Created 12-08-2016 01:17 PM
6188 port is ok, AMS logs has some error, like this in /var/log/ambari-metrics-monitor/ambari-metrics-monitor.out:
2016-12-08 19:50:34,611 [INFO] controller.py:56 - Running Controller thread: Thread-1 2016-12-08 19:50:34,611 [INFO] emitter.py:55 - Running Emitter thread: Thread-2 2016-12-08 19:50:34,611 [INFO] emitter.py:75 - Nothing to emit, resume waiting. 2016-12-08 19:51:34,614 [WARNING] emitter.py:84 - Error sending metrics to server. [Errno 111] Connection refused 2016-12-08 19:51:34,614 [WARNING] emitter.py:90 - Retrying after 5 ... 2016-12-08 19:51:39,614 [WARNING] emitter.py:84 - Error sending metrics to server. [Errno 111] Connection refused 2016-12-08 19:51:39,614 [WARNING] emitter.py:90 - Retrying after 5 ... 2016-12-08 19:51:44,615 [WARNING] emitter.py:84 - Error sending metrics to server. [Errno 111] Connection refused 2016-12-08 19:51:44,615 [WARNING] emitter.py:90 - Retrying after 5 ... 2016-12-08 19:52:49,616 [WARNING] emitter.py:84 - Error sending metrics to server. [Errno 111] Connection refused 2016-12-08 19:52:49,616 [WARNING] emitter.py:90 - Retrying after 5 ... 2016-12-08 19:52:54,616 [WARNING] emitter.py:84 - Error sending metrics to server. [Errno 111] Connection refused 2016-12-08 19:52:54,617 [WARNING] emitter.py:90 - Retrying after 5 ... 2016-12-08 19:52:59,618 [WARNING] emitter.py:84 - Error sending metrics to server. [Errno 111] Connection refused 2016-12-08 19:52:59,618 [WARNING] emitter.py:90 - Retrying after 5 ...
others are ok.
Created 12-08-2016 01:18 PM
ERROR org.apache.hadoop.yarn.server.applicationhistoryservice.ApplicationHistoryServer: RECEIVED SIGNAL 15: SIGTERM
And in ambari-metrics-collector.log there is above error.

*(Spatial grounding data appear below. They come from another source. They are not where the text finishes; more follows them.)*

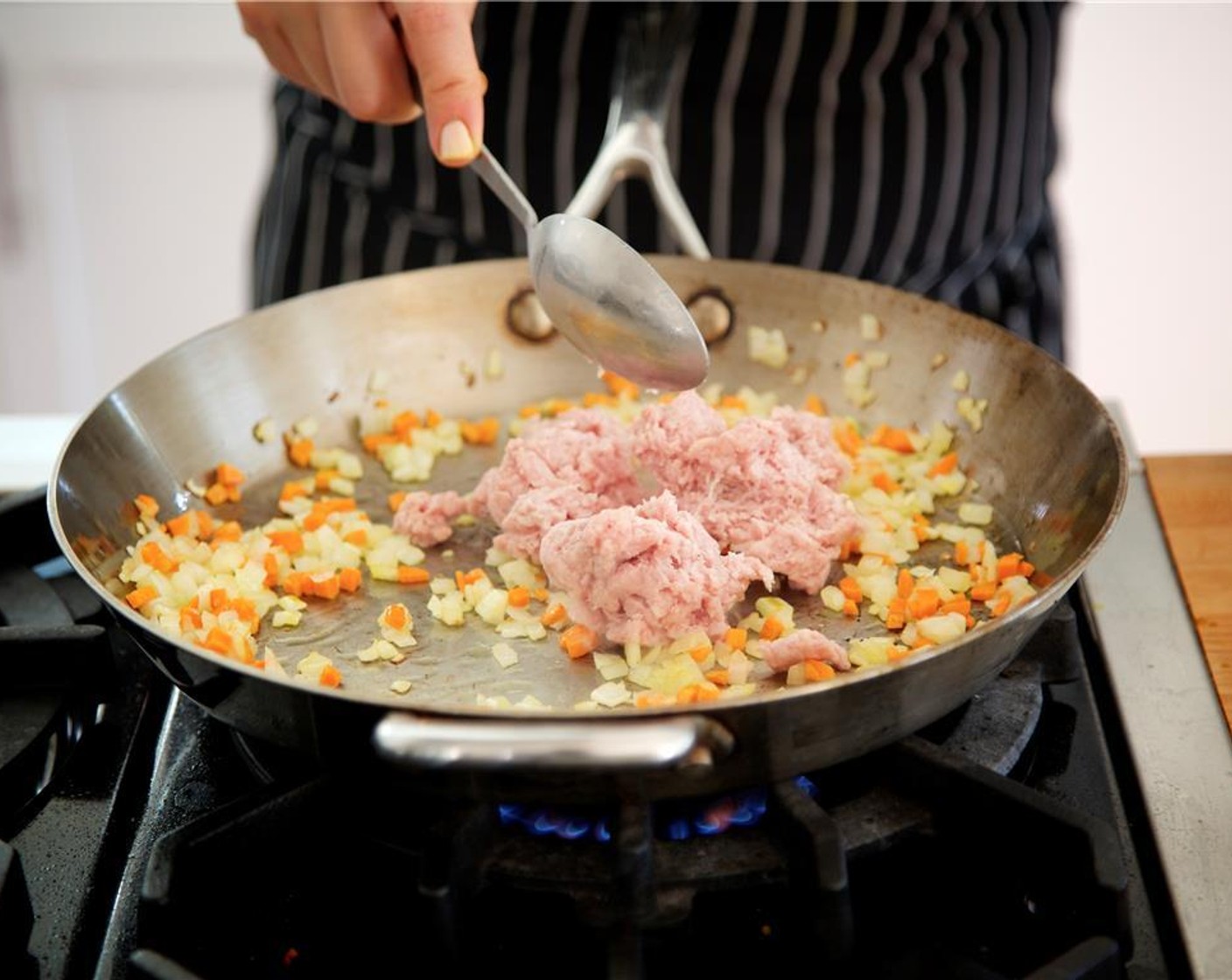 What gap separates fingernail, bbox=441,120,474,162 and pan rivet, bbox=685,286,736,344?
483 mm

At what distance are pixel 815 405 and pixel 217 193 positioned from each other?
236 centimetres

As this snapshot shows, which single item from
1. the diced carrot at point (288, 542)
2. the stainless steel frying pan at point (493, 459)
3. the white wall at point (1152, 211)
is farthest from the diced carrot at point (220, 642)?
the white wall at point (1152, 211)

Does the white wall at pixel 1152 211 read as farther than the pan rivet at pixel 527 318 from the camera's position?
Yes

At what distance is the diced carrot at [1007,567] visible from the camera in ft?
4.33

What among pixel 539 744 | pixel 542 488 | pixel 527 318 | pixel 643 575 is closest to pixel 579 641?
pixel 643 575

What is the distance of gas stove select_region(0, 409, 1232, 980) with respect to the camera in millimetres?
917

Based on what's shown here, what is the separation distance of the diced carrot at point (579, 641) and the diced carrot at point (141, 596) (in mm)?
420

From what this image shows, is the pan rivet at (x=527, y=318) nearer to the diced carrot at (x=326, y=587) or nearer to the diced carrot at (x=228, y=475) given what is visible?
the diced carrot at (x=228, y=475)

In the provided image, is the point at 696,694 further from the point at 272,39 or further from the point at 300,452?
the point at 272,39

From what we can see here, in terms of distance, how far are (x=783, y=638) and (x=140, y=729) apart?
23.9 inches

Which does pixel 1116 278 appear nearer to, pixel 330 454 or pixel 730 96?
pixel 730 96

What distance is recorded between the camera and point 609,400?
170cm

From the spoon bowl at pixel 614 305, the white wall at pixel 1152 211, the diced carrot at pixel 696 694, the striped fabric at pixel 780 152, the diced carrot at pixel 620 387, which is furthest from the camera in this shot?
the white wall at pixel 1152 211

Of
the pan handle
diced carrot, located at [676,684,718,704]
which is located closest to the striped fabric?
diced carrot, located at [676,684,718,704] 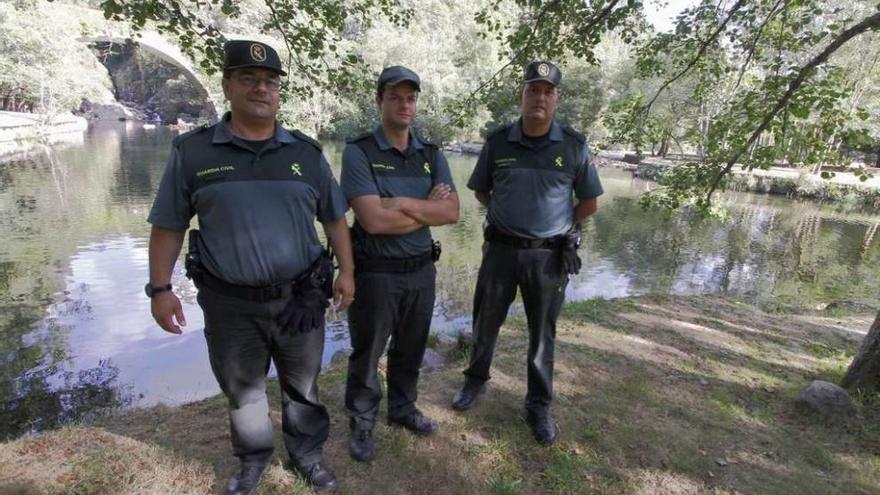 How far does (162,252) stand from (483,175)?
1.99 m

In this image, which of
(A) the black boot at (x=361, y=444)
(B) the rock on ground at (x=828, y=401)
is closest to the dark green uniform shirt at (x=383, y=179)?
(A) the black boot at (x=361, y=444)

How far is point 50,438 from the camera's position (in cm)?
310

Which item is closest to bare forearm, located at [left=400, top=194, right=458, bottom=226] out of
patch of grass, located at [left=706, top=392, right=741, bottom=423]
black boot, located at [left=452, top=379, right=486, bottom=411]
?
black boot, located at [left=452, top=379, right=486, bottom=411]

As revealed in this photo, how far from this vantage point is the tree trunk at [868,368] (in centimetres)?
389

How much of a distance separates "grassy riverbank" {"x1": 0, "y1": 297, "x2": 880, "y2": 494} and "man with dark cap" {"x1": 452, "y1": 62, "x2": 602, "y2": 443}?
36cm

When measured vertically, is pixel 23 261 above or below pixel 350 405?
below

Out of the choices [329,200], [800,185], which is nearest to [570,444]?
[329,200]

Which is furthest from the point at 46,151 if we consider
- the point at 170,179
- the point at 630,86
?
the point at 630,86

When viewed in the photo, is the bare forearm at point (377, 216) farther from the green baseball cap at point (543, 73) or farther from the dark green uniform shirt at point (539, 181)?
the green baseball cap at point (543, 73)

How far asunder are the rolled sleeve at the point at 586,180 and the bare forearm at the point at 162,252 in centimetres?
231

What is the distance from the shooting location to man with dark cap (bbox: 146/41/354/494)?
221cm

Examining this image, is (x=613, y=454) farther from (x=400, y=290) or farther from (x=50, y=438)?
(x=50, y=438)

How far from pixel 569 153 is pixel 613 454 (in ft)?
6.51

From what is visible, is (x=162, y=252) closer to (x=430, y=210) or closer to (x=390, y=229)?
(x=390, y=229) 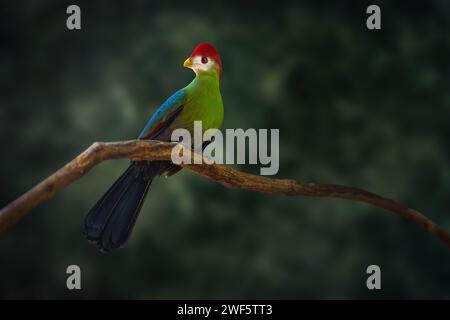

Created 12-08-2016 02:03 PM
Looks like your AMS is getting down. Can you check if it is happening frequently. Sometimes we have seens that if it has insufficient memory then it is killed and restarted again.
Created 12-09-2016 01:14 AM
I know the reason, because 'timeline.metrics.service.webapp.address' in the ams-site.xml file is not be modified. Why?